Trotz Schuldenkrise und der damit verbundenen zahlreichen Risiken hat der spanische Mobilfunkkonzern Telefónica die Nerven behalten: Die Deutschland-Tochter O2 ist erfolgreich an die Börse gegangen. Der Mut hat sich ausgezahlt: 1,45 Milliarden Euro haben die Iberer mit der Platzierung ihrer Anteile kassiert.

Endlich mal wieder eine besonders erfreuliche Börsennachricht. Der Erfolg von O2 könnte weitere vielversprechende Unternehmen anregen, den Schritt auf das Parkett zu wagen. Das wäre ein Ausdruck dafür, dass sich die Lage an den europäischen Finanzmärkten immerhin ein wenig normalisiert. Vor zu großer Begeisterung sei aber gewarnt, denn die Probleme in der Schuldenkrise bleiben drückend. Vor allem ist kein Ende der Rezession in südeuropäischen Volkswirtschaften in Sicht.

Das zeigt sich schon daran, dass Telefónica seine Einnahmen aus dem O2-Börsengang uneingeschränkt zum Schuldenabbau nutzen möchte. Die Spanier brauchen das Geld dringend, was wiederum weniger Investitionen im Heimatmarkt bedeutet.

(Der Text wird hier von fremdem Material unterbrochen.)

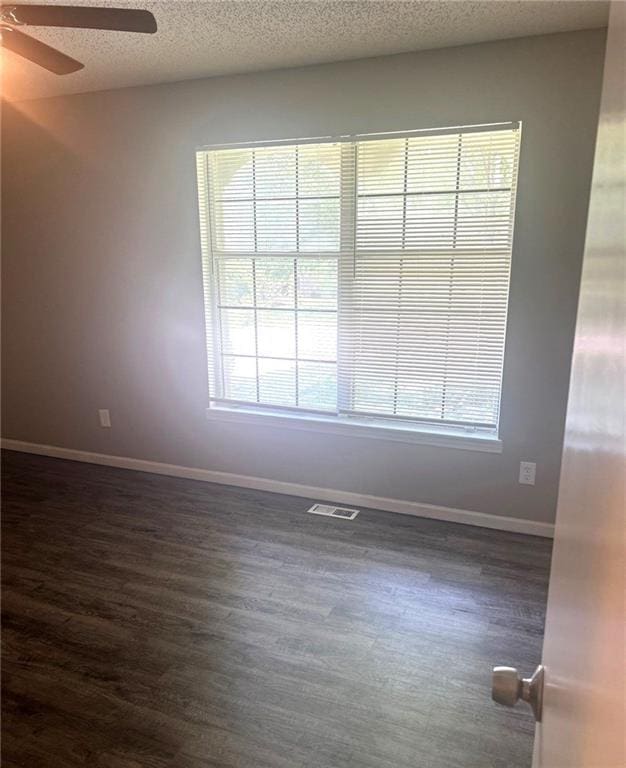10636 N Grand Ave, Kansas City, MO 64155 - empty room featuring ceiling fan, dark wood-style floors, baseboards, and a textured ceiling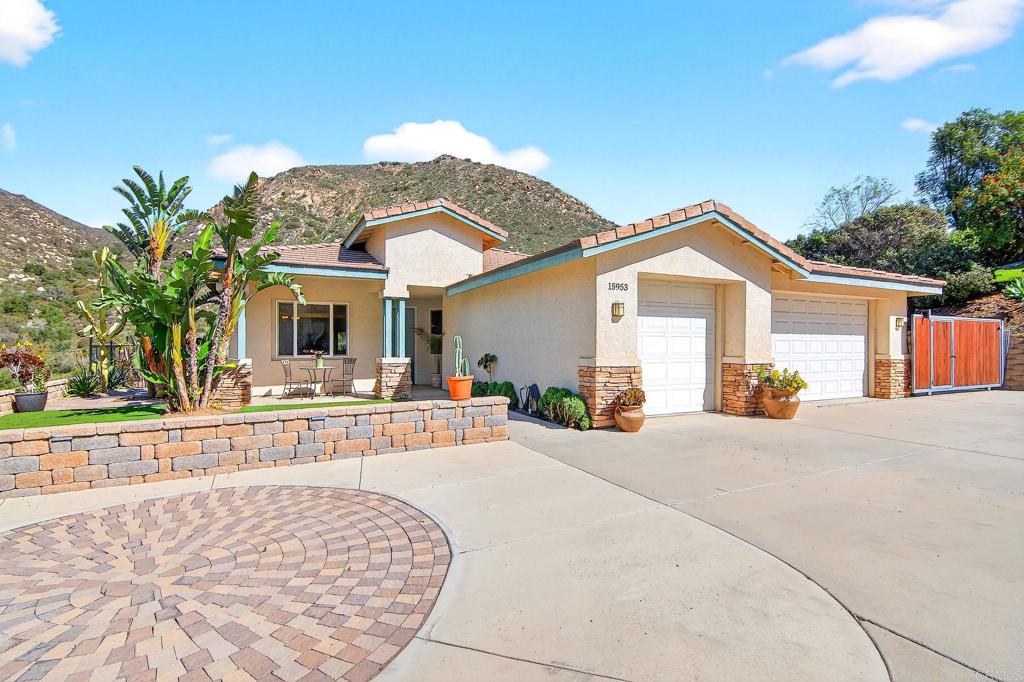 15953 Shalom Road Ramona, CA 92065 - Photo 4 of 71 a view of a house with a small yard and plants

Auch in Deutschland sind weitere Erfolge keineswegs sicher. Der Markt für Telekommunikation ist hart umkämpft. Teure Investitionen in bessere Netze sind notwendig. Telefónica muss erst noch beweisen, dass es in seiner Deutschland-Tochter nicht nur eine Geldquelle sieht, um sich zumindest teilweise zu sanieren. Sonst könnte es mit der Freude über den geglückten Börsengang schnell vorbei sein.